> **THE TASK**:
Retype the lines below exactly, but only those from the line that has "em hiếu mới" through the line that has "2018 Toyota CAMRY фото". Omit every picture.

> **DATA EXCERPTS**:
^^^^^^^^^^^^^^^^
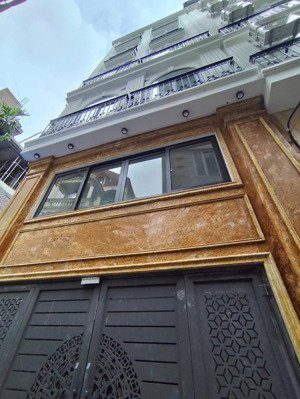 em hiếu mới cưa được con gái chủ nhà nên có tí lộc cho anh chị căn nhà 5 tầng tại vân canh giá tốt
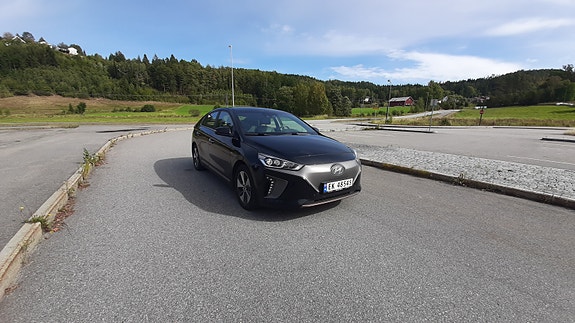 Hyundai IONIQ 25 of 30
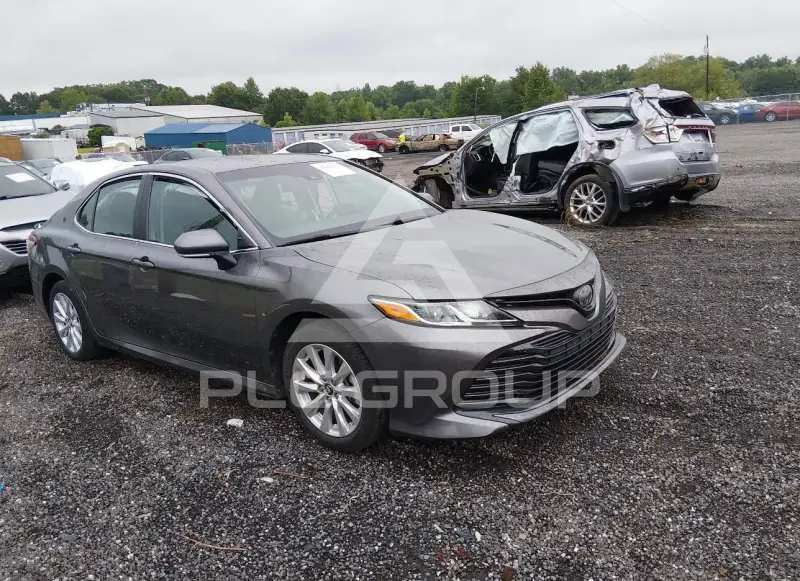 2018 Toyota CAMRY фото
^^^^^^^^^^^^^^^^
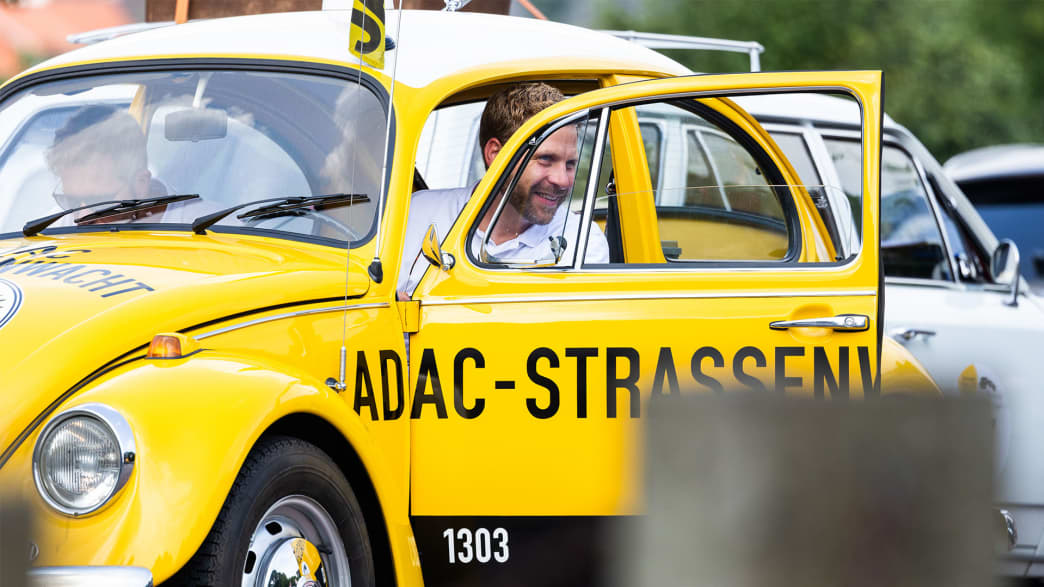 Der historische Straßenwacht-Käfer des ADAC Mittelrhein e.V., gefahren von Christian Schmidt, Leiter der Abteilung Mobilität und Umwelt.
^^^^^^^^^^^^^^^^
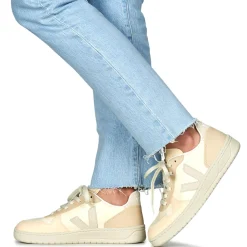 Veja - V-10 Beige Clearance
^^^^^^^^^^^^^^^^
> **EXERCISE SOLUTION**:
 em hiếu mới cưa được con gái chủ nhà nên có tí lộc cho anh chị căn nhà 5 tầng tại vân canh giá tốt
 Hyundai IONIQ 25 of 30
 2018 Toyota CAMRY фото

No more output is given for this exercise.